How spread betting work-beginner's Guide

Tuesday, January 25, 2011

First of all we can get an understanding about what is "spread". The spread is where the spread betting firm make their money, we will talk more about this later. But now spread is simply the difference between the purchase price and selling price.

Spread example would be: Buying price 59 and a selling price of 57

This is know point 2 59-spread 57 = 2

Now with this scenario as example suppose you think the market will grow at a high 65 price points. You can place an order buy with the spread betting company in 59 points, betting 1 per point.

Now with a bit-of-luck, the market rises (better known as concentrations) 65 points to close your position. Your profit on the trade is your bet (1), multiplied by the number of points in the market grew. (65-59 = 6)

1 x 6 = 6 profit which is tax free now in United Kingdom

Suppose the market goes in the opposite direction you hope for.
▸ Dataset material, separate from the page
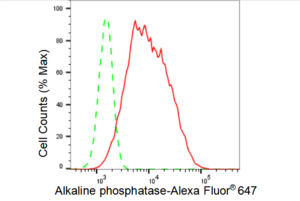 KD-Validated Anti Alkaline phosphatase Antibody, clone 23GB3645, Rabbit Monoclonal clone 23GB3645, recombinant rabbit monoclonal, expressed in HEK293 cells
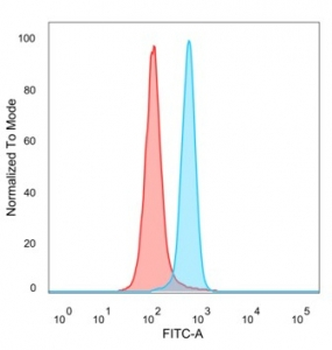 BRAF35 Antibody / HMG20B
As before you from stock 59 points to the 57 sell to.

Buy the stock at 1 per point, but this time the market moves down in price and sell your inventory to 50 points.

This will give you a loss of 9 (59-50 = 9 × 1)

As mentioned previously, the spread betting firm needs to make some money as well, this is when it comes to spread. On the market can offer 57 points, but the company will offer you sell the stock at a badge by 59 rendering points effectively 2 in the process if your bet was 1 per point.

This is why it is important to use spread betting comparison sites to help you find what is known as tighter spreads. As you can provide some providers spreads a low as 0.5 with big bets can save you lots of cash while the trading.